__Available data__:
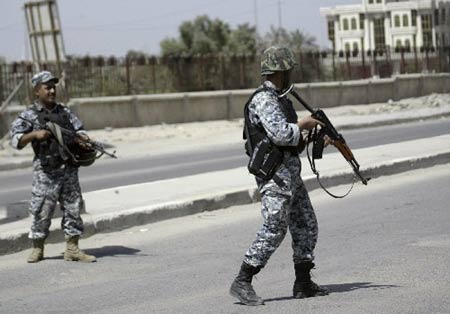 Policemen stand guard on a road in Basra March 25, 2008. Heavy fighting broke out between Iraqi security forces and the Mahdi Army Shiite militia in Basra on Tuesday, a local security source and witnesses said. 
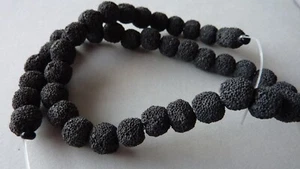 Lava Perlen synth., rund matt schwarz, 10mm Strang, ca. 34 Stück 2726 - Bild 1 von 3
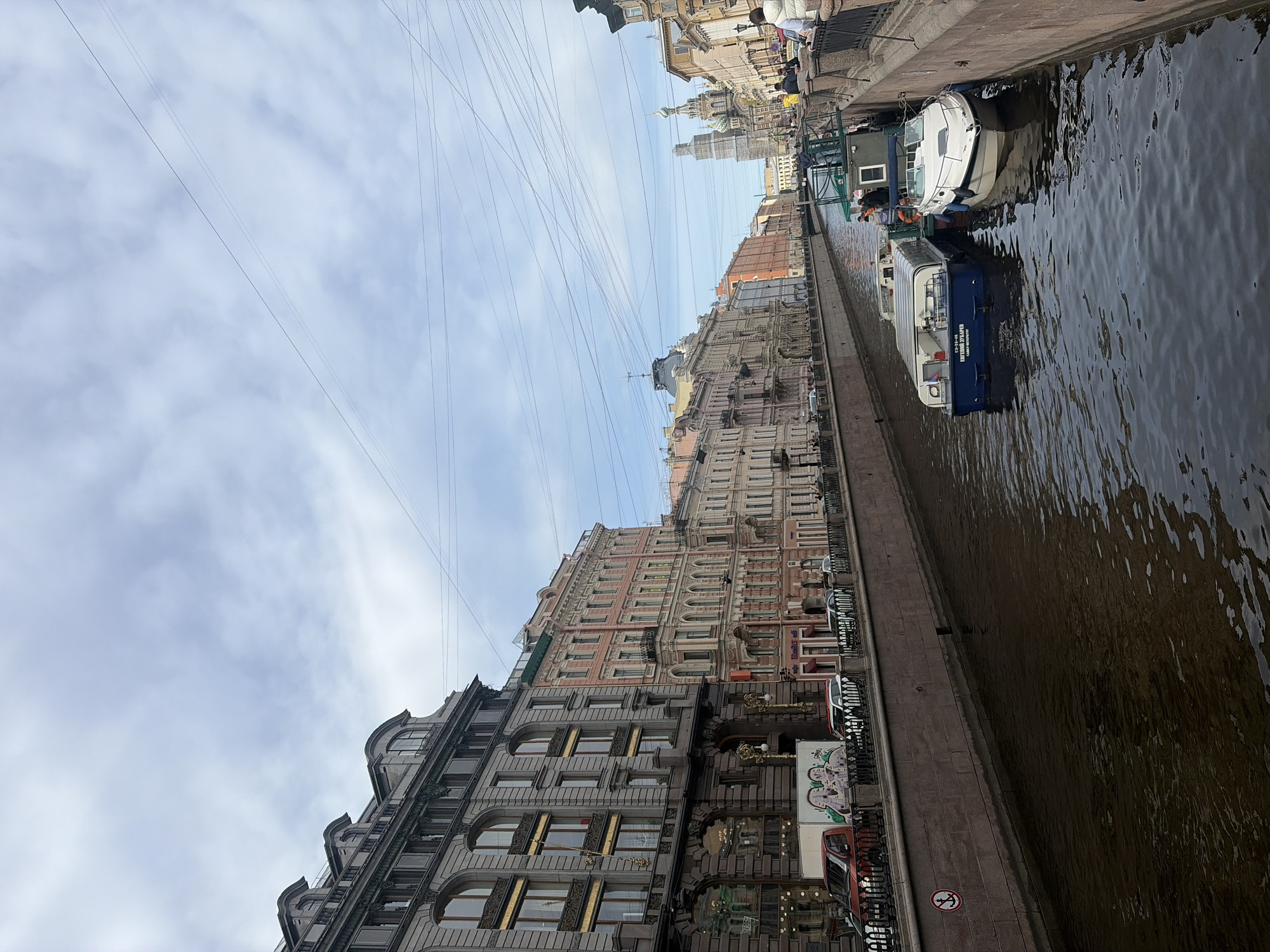This is a photograph taken in Saint Petersburg, Russia, showing a canal lined with buildings on the left and water with boats on the right. The buildings are mostly 4-5 stories tall, with varied architectural styles and colors, from grey stone to pink brick. Power lines stretch across the sky above the buildings. A stone embankment runs along the water's edge, with cars and railings visible. In the canal, several boats are docked. In the distance, the top of the Church of the Savior on Spilled Blood can be seen. The sky is cloudy.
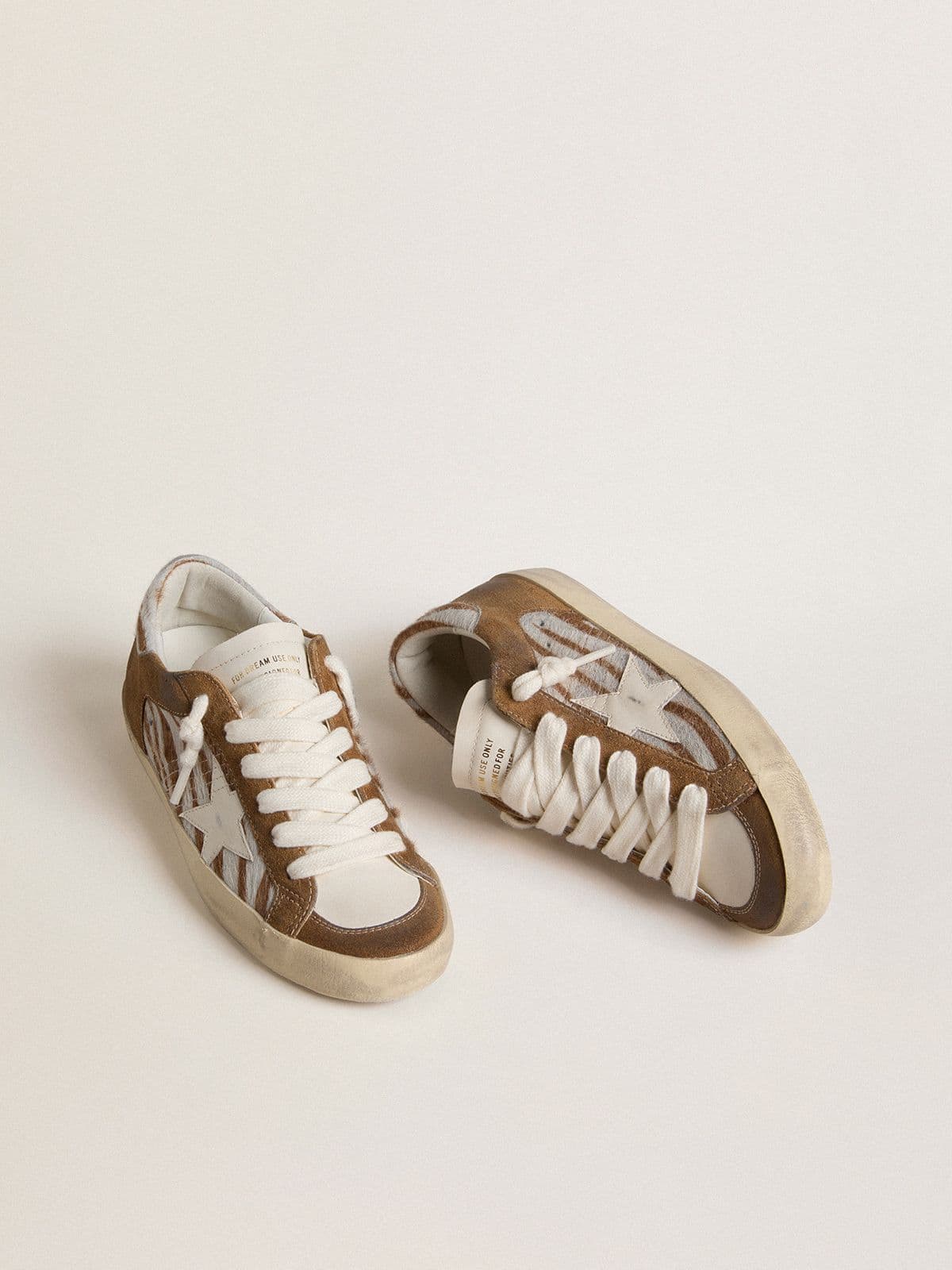 Women's Super-Star in zebra-print pony skin with leather star and brown suede inserts - Golden Goose Women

__Task to complete__: What is needed is the data above, retyped exactly, with every picture left out.

__Task result__:
 Policemen stand guard on a road in Basra March 25, 2008. Heavy fighting broke out between Iraqi security forces and the Mahdi Army Shiite militia in Basra on Tuesday, a local security source and witnesses said. 
 Lava Perlen synth., rund matt schwarz, 10mm Strang, ca. 34 Stück 2726 - Bild 1 von 3
This is a photograph taken in Saint Petersburg, Russia, showing a canal lined with buildings on the left and water with boats on the right. The buildings are mostly 4-5 stories tall, with varied architectural styles and colors, from grey stone to pink brick. Power lines stretch across the sky above the buildings. A stone embankment runs along the water's edge, with cars and railings visible. In the canal, several boats are docked. In the distance, the top of the Church of the Savior on Spilled Blood can be seen. The sky is cloudy.
 Women's Super-Star in zebra-print pony skin with leather star and brown suede inserts - Golden Goose Women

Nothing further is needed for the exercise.